Will current contractual arrangements provide any reassurance?
Many businesses rely on standard form terms and conditions including clauses which may already offer some comfort. For example, supply agreements (standard form or otherwise) sometimes contain a force majeure clause, which states that a party may be excused a breach of contract where the breach is caused by a factor outside their control, which has made performance of its obligations impossible. However, unless force majeure clauses specifically reference Brexit, they may not be particularly helpful. This is because an event is only outside the control of a party if the party has taken all reasonable steps to avoid its operation or mitigate its results.
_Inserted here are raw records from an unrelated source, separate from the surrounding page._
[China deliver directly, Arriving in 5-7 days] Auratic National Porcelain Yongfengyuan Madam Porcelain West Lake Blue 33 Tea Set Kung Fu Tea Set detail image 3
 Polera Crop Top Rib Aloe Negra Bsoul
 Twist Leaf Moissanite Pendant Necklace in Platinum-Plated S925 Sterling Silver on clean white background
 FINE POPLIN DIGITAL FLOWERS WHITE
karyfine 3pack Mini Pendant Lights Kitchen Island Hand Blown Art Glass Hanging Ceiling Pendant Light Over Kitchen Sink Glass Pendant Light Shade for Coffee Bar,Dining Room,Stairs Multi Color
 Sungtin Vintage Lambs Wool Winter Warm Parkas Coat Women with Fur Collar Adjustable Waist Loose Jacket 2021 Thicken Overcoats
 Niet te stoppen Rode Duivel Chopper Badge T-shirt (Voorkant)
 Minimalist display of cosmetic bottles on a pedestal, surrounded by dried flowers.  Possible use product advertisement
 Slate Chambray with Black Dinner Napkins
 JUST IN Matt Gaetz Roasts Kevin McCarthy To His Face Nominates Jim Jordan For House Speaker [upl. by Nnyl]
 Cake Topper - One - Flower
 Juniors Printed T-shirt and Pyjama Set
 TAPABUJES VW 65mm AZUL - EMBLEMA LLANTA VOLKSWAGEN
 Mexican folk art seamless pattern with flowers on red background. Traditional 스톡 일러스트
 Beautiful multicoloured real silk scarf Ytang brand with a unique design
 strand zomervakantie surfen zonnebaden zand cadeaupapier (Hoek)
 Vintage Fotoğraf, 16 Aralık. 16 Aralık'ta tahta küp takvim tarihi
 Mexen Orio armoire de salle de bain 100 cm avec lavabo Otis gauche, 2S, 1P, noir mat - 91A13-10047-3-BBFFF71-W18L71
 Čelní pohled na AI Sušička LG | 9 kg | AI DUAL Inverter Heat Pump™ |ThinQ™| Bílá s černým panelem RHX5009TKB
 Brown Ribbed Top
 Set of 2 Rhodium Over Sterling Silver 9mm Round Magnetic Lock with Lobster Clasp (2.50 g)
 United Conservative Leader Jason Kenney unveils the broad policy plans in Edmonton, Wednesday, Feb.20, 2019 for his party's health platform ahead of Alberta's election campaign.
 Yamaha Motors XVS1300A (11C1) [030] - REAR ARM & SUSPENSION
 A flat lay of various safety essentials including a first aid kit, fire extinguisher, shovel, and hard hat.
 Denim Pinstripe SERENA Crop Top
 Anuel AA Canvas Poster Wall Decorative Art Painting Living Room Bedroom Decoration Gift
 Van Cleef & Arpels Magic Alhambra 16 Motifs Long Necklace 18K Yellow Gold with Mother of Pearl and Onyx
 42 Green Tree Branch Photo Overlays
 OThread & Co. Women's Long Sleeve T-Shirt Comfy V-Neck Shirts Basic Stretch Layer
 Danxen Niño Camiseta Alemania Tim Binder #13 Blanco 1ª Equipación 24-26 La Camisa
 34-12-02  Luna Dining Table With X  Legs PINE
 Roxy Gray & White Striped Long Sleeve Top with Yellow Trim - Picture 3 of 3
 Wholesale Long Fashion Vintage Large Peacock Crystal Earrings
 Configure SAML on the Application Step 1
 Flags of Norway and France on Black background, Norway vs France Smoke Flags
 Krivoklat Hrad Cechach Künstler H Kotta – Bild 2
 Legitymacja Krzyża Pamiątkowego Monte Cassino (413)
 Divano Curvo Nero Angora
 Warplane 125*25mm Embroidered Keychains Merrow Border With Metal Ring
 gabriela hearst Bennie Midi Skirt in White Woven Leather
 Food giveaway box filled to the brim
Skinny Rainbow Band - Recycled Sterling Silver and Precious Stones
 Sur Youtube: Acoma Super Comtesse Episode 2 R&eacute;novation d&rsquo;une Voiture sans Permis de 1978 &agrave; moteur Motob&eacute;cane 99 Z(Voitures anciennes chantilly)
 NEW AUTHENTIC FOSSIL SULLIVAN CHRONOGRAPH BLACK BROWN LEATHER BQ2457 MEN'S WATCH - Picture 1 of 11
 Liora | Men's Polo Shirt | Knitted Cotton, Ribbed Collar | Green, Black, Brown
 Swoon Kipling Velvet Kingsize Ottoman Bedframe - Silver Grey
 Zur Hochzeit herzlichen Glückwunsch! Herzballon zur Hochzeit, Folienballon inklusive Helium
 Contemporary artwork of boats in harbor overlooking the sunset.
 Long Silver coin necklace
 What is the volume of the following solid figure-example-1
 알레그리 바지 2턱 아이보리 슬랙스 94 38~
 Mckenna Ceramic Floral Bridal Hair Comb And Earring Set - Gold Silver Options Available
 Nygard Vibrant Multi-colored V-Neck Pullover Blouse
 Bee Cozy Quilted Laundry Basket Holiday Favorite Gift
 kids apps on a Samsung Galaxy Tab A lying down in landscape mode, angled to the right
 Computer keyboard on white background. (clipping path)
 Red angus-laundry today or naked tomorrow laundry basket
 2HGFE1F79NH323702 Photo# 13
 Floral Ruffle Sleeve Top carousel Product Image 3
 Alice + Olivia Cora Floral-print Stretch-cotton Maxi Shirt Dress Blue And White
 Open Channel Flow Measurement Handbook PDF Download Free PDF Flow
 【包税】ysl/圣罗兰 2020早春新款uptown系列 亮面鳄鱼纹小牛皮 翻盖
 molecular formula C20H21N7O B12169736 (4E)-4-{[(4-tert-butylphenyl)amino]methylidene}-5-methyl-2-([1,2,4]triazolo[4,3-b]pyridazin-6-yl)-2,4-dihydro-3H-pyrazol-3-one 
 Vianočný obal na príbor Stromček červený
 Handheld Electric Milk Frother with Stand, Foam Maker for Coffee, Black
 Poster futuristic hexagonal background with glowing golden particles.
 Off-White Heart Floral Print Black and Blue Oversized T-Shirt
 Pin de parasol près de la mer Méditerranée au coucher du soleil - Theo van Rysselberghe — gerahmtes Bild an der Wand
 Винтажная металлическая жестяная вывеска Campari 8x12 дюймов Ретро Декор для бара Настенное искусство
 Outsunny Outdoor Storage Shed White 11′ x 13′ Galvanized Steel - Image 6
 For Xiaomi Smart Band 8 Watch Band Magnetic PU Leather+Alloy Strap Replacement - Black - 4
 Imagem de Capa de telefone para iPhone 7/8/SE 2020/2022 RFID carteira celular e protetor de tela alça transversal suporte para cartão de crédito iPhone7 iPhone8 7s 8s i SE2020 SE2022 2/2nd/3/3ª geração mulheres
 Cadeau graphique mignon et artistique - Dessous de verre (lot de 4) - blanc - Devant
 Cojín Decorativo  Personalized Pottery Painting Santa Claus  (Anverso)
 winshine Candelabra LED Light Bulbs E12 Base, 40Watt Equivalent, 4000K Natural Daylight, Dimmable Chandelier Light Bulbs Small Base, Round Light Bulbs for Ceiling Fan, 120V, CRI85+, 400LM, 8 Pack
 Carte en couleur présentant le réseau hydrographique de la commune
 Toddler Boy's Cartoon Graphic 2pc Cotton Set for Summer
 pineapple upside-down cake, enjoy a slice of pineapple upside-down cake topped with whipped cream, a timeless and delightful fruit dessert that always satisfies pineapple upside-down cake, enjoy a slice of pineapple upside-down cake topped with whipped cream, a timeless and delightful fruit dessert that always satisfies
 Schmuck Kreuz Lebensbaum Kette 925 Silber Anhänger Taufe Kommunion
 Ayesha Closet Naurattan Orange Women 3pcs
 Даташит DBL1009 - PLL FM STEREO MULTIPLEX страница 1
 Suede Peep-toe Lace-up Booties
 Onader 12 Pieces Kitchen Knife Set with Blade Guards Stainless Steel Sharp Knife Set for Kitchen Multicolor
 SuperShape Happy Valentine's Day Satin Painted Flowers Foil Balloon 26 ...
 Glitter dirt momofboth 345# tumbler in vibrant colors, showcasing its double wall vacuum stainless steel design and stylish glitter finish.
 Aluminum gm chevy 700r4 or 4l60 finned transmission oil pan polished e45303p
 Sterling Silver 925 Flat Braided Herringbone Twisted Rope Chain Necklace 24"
If Brexit was a possibility when the contract was entered into, it could be argued that the parties could (and should) have planned for its effects.
Such contracts may also have material adverse change clauses, allowing a party to walk away from the contract if they suffer some form of detrimental effect, which may potentially offer a degree of comfort.
What changes should businesses be considering?
Businesses will need to consider a range of additional commercial factors when agreeing contractual arrangements, such as the inclusion of a ’Brexit clause’ into standard terms and conditions and bespoke contracts to cater for specific identifiable issues that might arise. A Brexit clause will commonly work by identifying a trigger event such as a particular change in the law, and then either give the parties the ability to renegotiate some or all of the contract, or terminate it in its entirety. Alternatively, it may seek to specifically apportion risk of such a circumstance occurring to a particular party.
The incorporation of a Brexit clause within commercial contracts will not guarantee that a commercial arrangement will be “Brexit proof”. However, it is a measure that can be adopted to potentially mitigate some of the effects of Brexit.
This article outlines the position under UK law. The legal position may well be different if contracts are to be interpreted in accordance with the law of other jurisdictions.